Der Psychiatrieausschuss fordert nun in seinem Bericht, Pflegeberufe attraktiver zu gestalten. Dazu seien mehr und besser bezahlte Ausbildungsplätze nötig, so wie mehr Medizinstudienplätze. Ebenso wird eine „zeitnahe“ Novellierung des niedersächsischen Psychiatriegesetzes gefordert. Diese hatte bereits in der letzten Legislaturperiode begonnen, wurde dann aber aufgrund der Neuwahl unterbrochen.
Neufassung des Psychiatriegesetzes
Volker Meyer, gesundheitspolitischer Sprecher der CDU-Fraktion, sind die im Bericht genannten Probleme nicht neu: „Wir diskutieren Jahr für Jahr über die gleichen Probleme, wie das Betretensrecht der Besuchskommissionen.“ In der Koalitionsvereinbarung sei daher eine Änderung des Gesetzes vorgesehen. Auf den genannten vermeintlichen Rechtsverstoß müsse das Ministerium reagieren, sagt Meyer. Dessen ist man sich dort bewusst: „Wir gehen den aufgezeigten Punkten nach“, versichert Reimanns Pressesprecher Uwe Hildebrandt. „Rechtsverstöße können nicht hingenommen werden.“
Während SPD-Gesundheitspolitiker Uwe Schwarz sich auf Nachfrage nicht zum Bericht äußern will, mahnt Meta Janssen-Kucz (Grüne) dringenden Handlungsbedarf an.
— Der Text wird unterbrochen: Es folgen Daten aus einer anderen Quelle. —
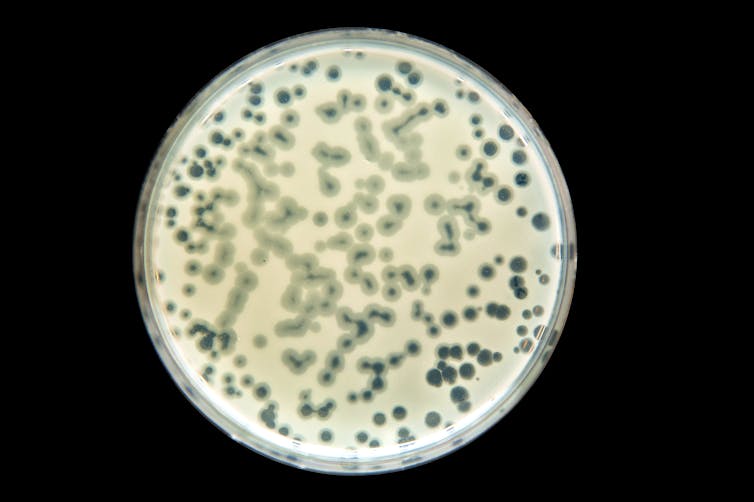 petri dish with bacterial culture with phage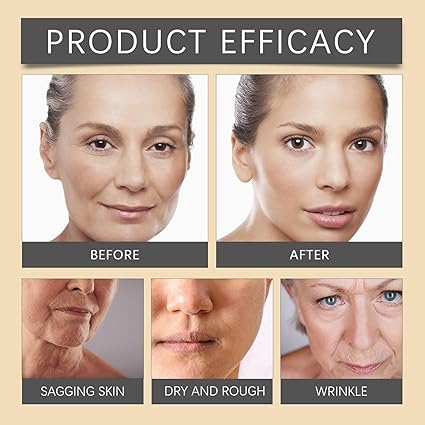 Bee Venom Eye Cream – Anti-Wrinkle & Firming Eye Treatment, Botox-Like Smoothing Effect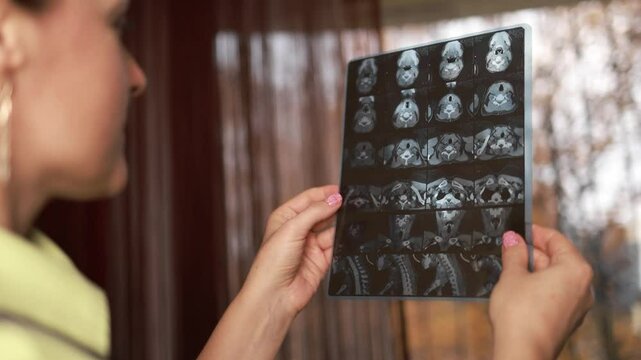 Computed tomography of the thyroid gland.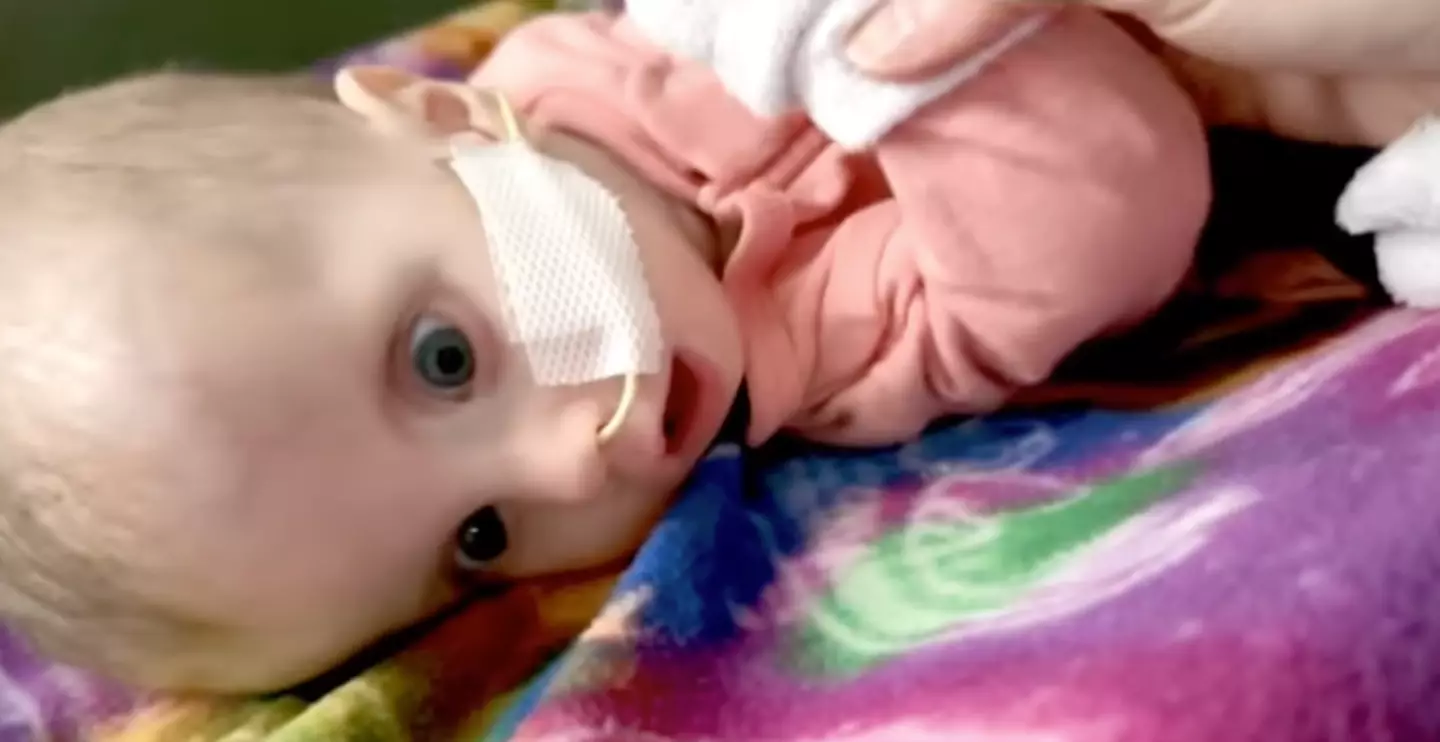 Hazel can't close her eyes (Fox News)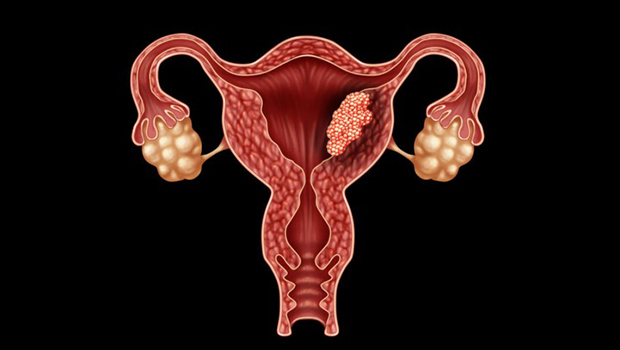 Treatme of uterus enlargeme in traditional medicine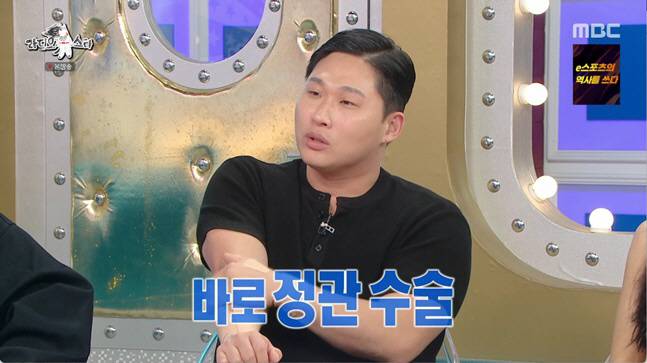 스윙스 정관수술 복원 라디오스타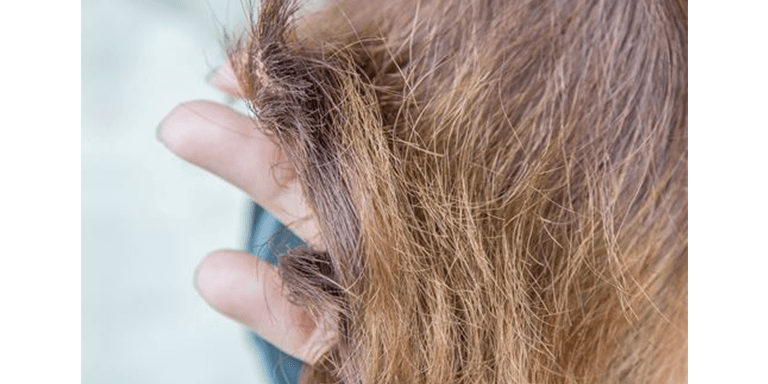 Reverse Damage Due To Exposure To Sun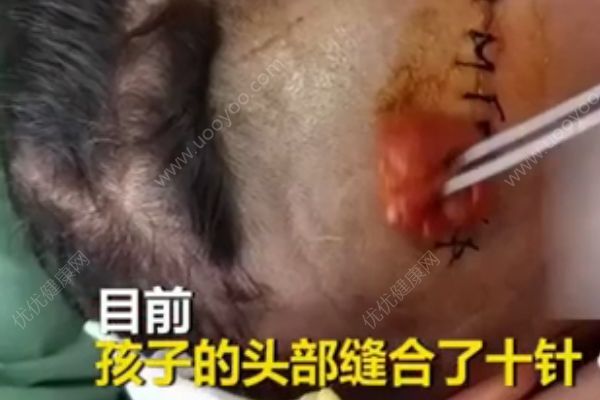 3歲男孩小區(qū)內(nèi)被狗咬頭縫10針，被狗咬傷后怎么處理？(4)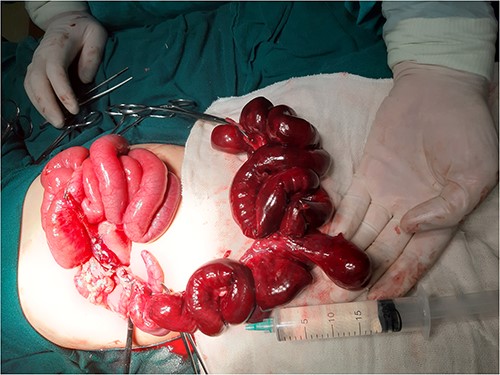 Image during resection showing giant MD and necrotic small intestine.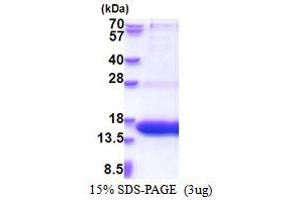 SDS-PAGE (SDS) image for WW and C2 Domain Containing 1 (WWC1) (AA 655-783) protein (His tag) (ABIN5853532) (WWC1 Protein (AA 655-783) (His tag))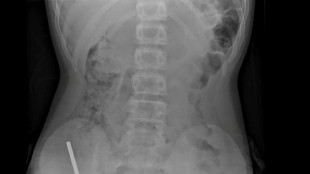 Surgeons remove up to 100 magnets from N. Zealand teen's gut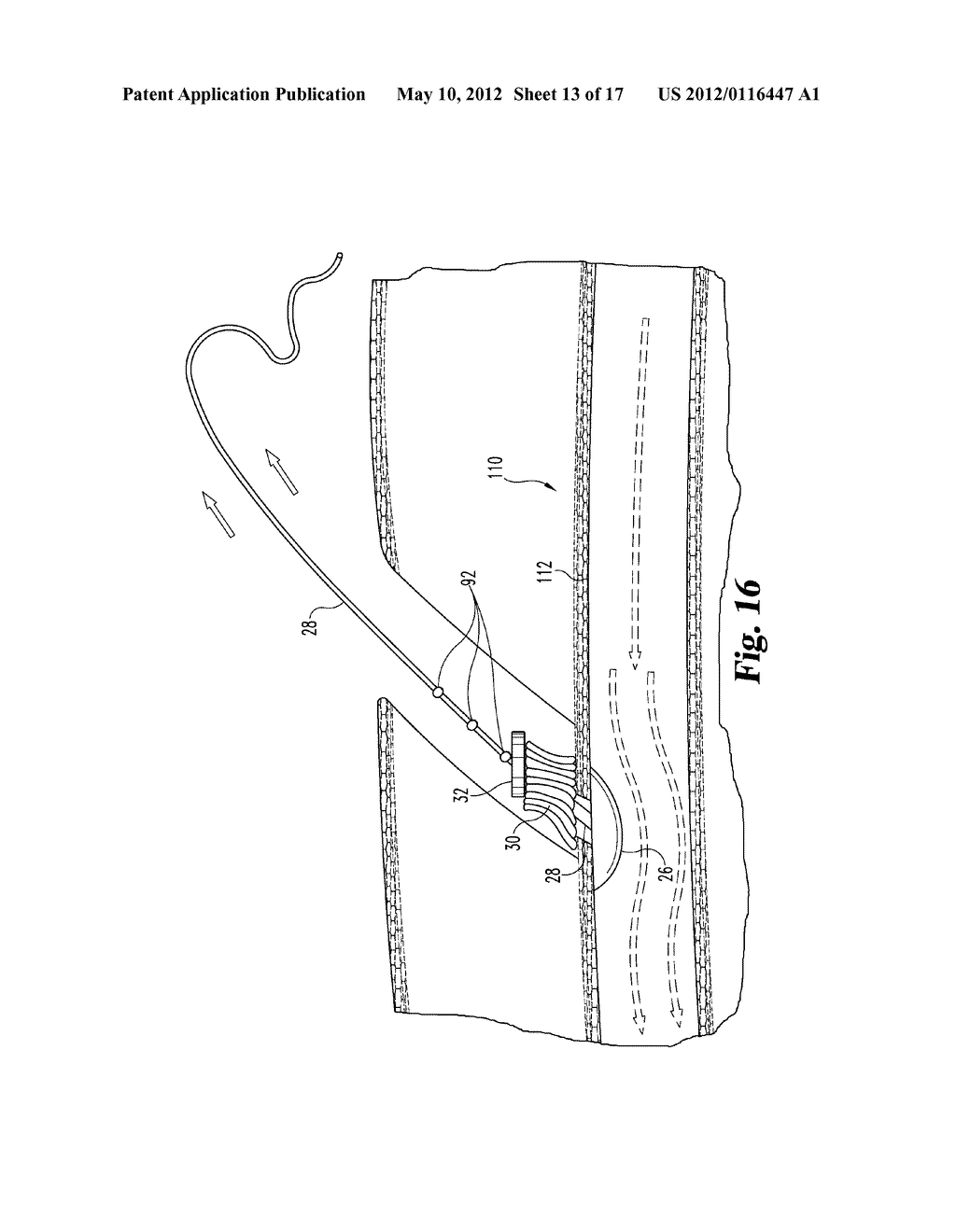 DEVICES AND METHODS USEFUL FOR SEALING BODILY OPENINGS - diagram, schematic, and image 14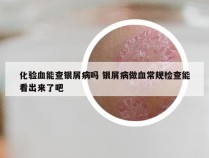 化验血能查银屑病吗 银屑病做血常规检查能看出来了吧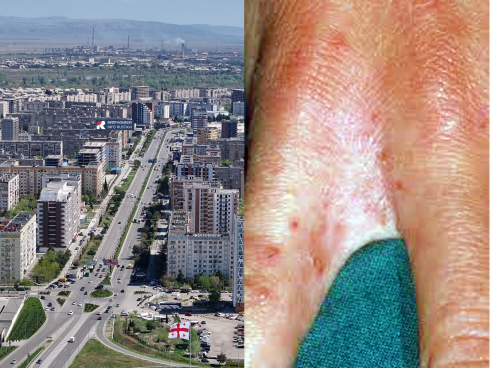 ფიქსირდება თუ არა რუსთავში მუნის შემთხვევები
Vor allem im Bereich Personal müsse etwas getan werden, „aber auch die Privatisierung der Psychiatrie, die unter Schwarz-Gelb zustande gekommen war, gehört noch einmal auf den Prüfstand“, so die gesundheitspolitische Sprecherin der Grünenfraktion. Und während sie eine Neufassung des Psychiatriegesetzes für überfällig hält, warnt sie vor dem aktuellen Regierungsentwurf, der aus ihrer Sicht einen Rückschritt bedeuten würde.